Over the last year, the Federal Trade Commission (FTC) has recorded a significant increase in the number of complaints about advertising materials that were created using artificial intelligence for fraud.

FTC Says About Increase in AI-Related Scams on Social Media

The mentioned regulator also reported that in 2023, many claims were received from citizens about the fact that AI could potentially be applied when generating marketing content. Such complaints relate to the alleged use of advanced technology to commit fraudulent activities.

The FTC document, the contents of which were reviewed by the media at the request of the Freedom of Information Act, notes that at least a third of the specified complaints were related to advertising materials that are posted on social media platforms, including Facebook and YouTube. This means that popular Internet resources, which are a kind of vast multimedia spaces that form a significant part of the world of digital reality, are faced with the problem of misinformation of a new category. In this case, attention should be paid to the fact that the mentioned problem comes from the own advertisers of social media platforms.

It is known that in February last year, the FTC received two complaints related to advertising content generated through the use of artificial intelligence.

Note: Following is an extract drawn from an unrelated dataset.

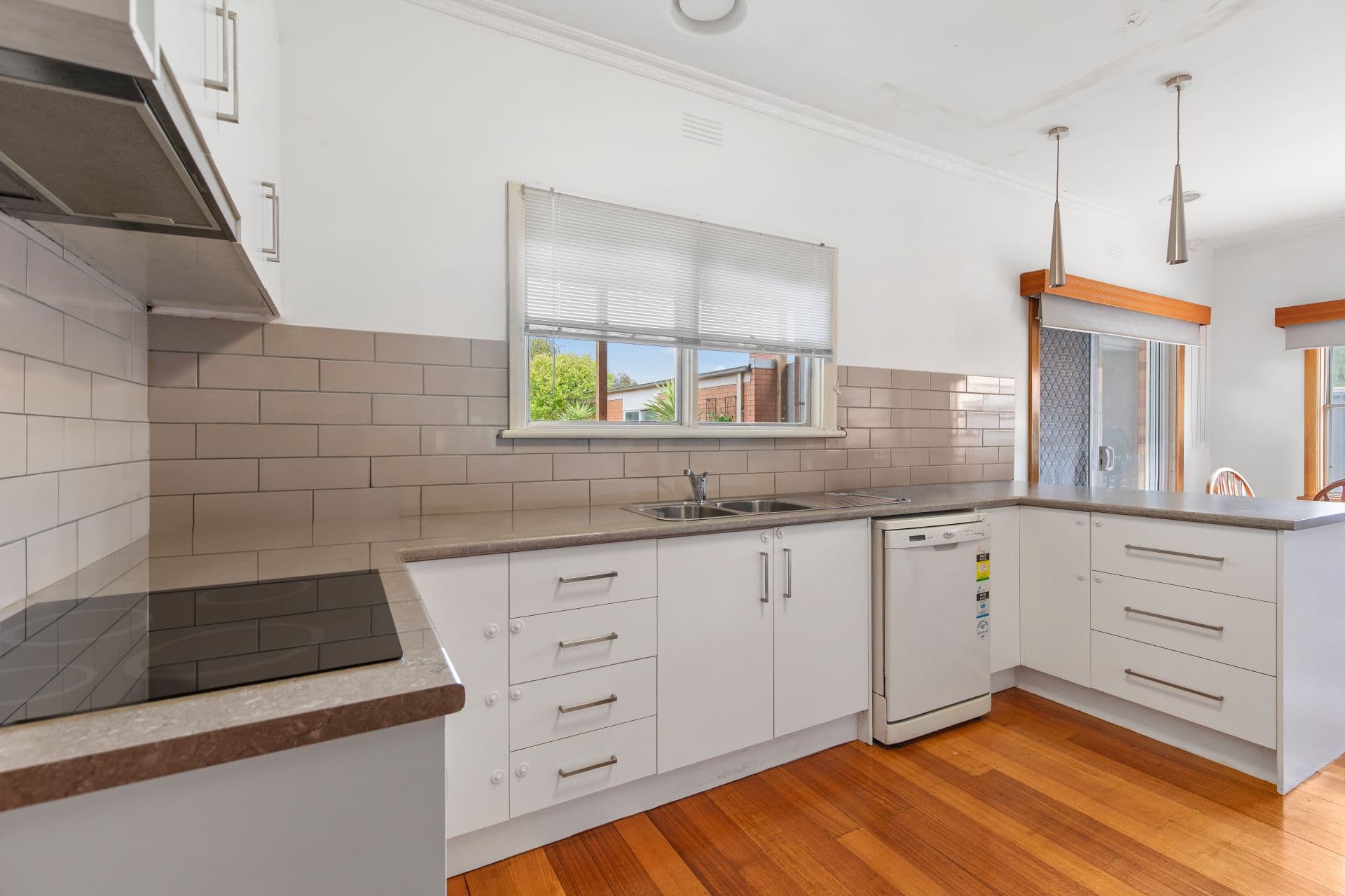 56 Edgar Street, Werribee VIC, Werribee - Thumbnail 8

After 12 months, the number of such complaints increased to 14. This dynamic is quite understandable in the context of the tendency of active dissemination and implementation of generative artificial intelligence.

It is worth noting that the complaints received by the FTC in all likelihood only partially reflect the scale of the problem of AI fraud. Most likely, the majority of users will complain about advertising content generated by artificial intelligence and distributed to commit criminal acts directly to the management of social media platforms, and a smaller part of them will report the mentioned problem to the specified regulator.

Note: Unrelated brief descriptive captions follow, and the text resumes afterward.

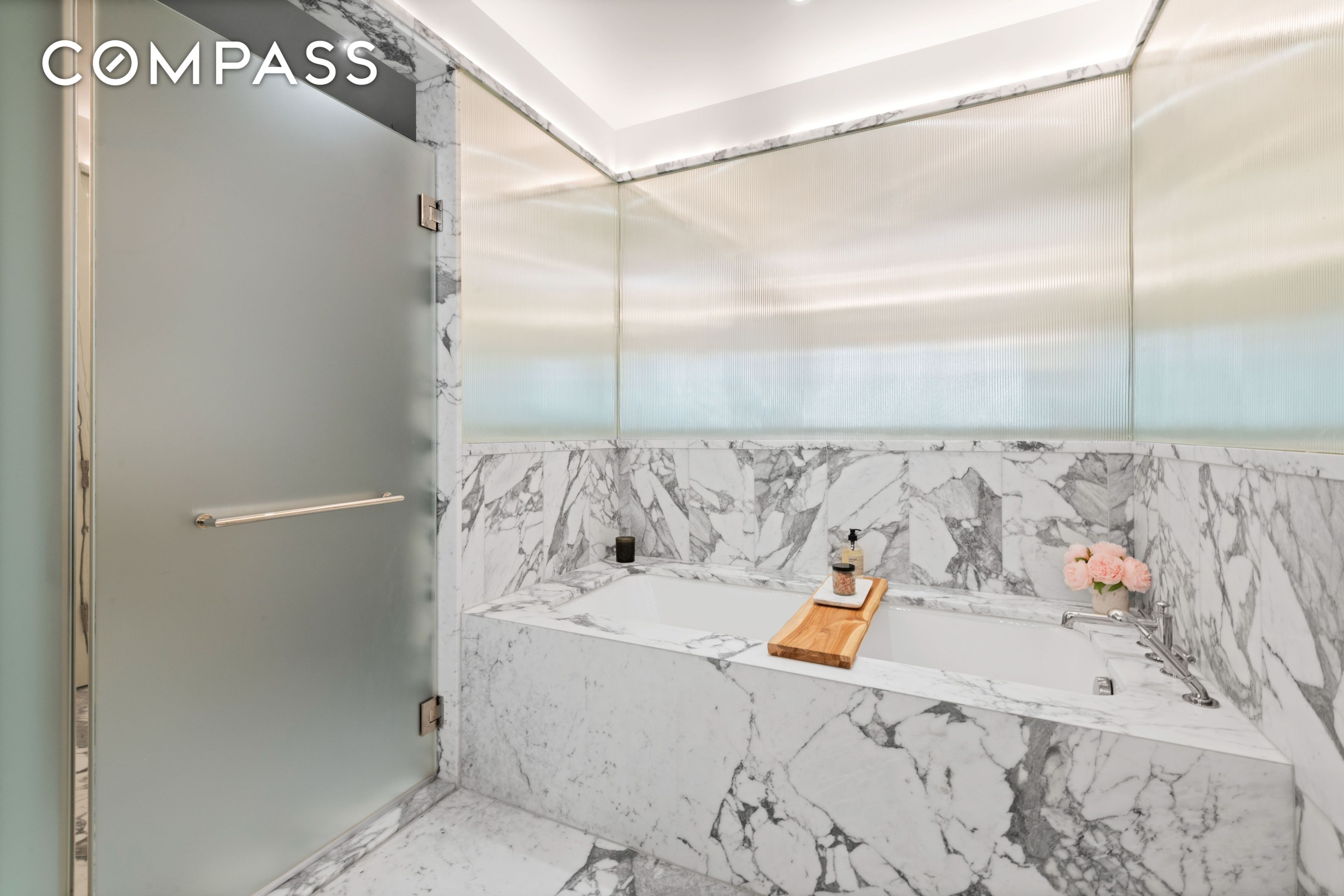 #11 photo, 40 E End Avenue, Upper East Side , NY 10028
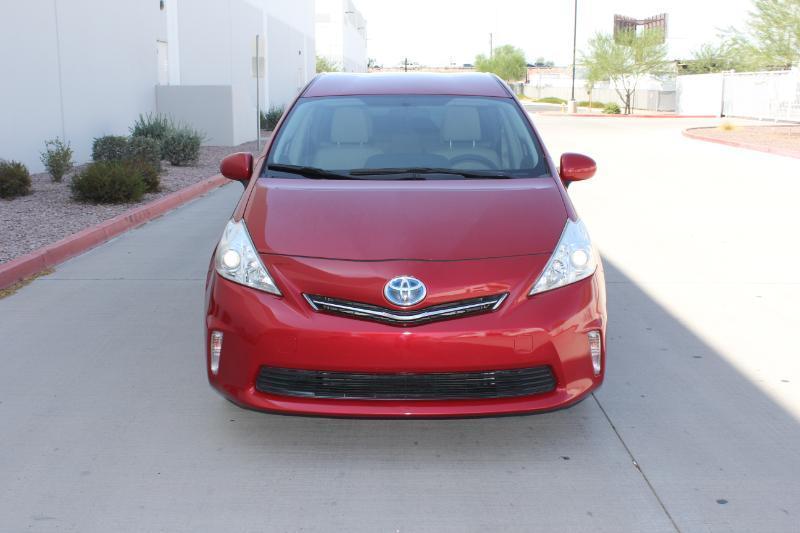 Toyota Prius V  2012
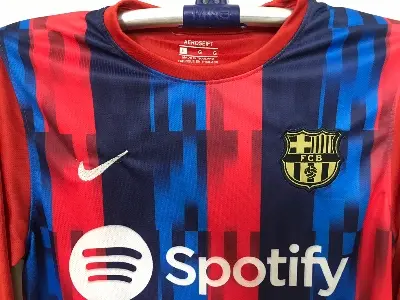 Picture of Barcelona (With Embroidery) Spanish Club Premium Football jersey(Red)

The FTC document contains examples of the negative impact of the specified content. One such example is the story that happened to a 30-year-old resident of Los Angeles. This victim, after watching a YouTube video, clicked on a link to a fake Tesla website, on which a certain digital incarnation of Elon Musk reported that the automotive company offers a profitable investment program that provides significant profits in the shortest possible time. In this case, it was claimed that a joint project with cryptocurrency firms was being implemented. A resident of Los Angeles, believing what was said by the digital incarnation of Elon Musk, to whom the billionaire has nothing to do, transferred $7,000. After a while, it turned out that the user had become a victim of scammers using the capabilities of artificial intelligence.

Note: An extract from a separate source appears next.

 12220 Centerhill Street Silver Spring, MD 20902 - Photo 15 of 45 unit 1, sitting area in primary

A user from Florida reported on a deepfake advertisement on YouTube, in which the main acting person is a virtual imitation of Brad Garlinghouse, chief executive officer of the Ripple payment network. This complaint also contains a statement that the digital platform ignores reports about the mentioned content.

A resident of the Philippines grievances a video advertisement in Reels. In this case, the scammers claimed to use artificial intelligence to help people earn up to $1,500 a day as part of a part-time schedule. An Australian user announced the announcement on Instagram of an AI trading platform ostensibly developed by Elon Musk. In this case, the scammers also promised impressive financial results. An Australian resident invested $250 in this offer, but these actions had no result other than losing money.

It is worth noting that criminals’ access to advanced technologies complicates the possibility of exposing them. Artificial intelligence significantly increases the level of realism of fraudulent schemes. Advanced technologies also allow scammers to hide signs of their activity. In this context, user awareness is extremely important. For example, a query in an Internet search engine, such as How to know if my camera is hacked, will allow users to detect signs of unauthorized access to a personal device.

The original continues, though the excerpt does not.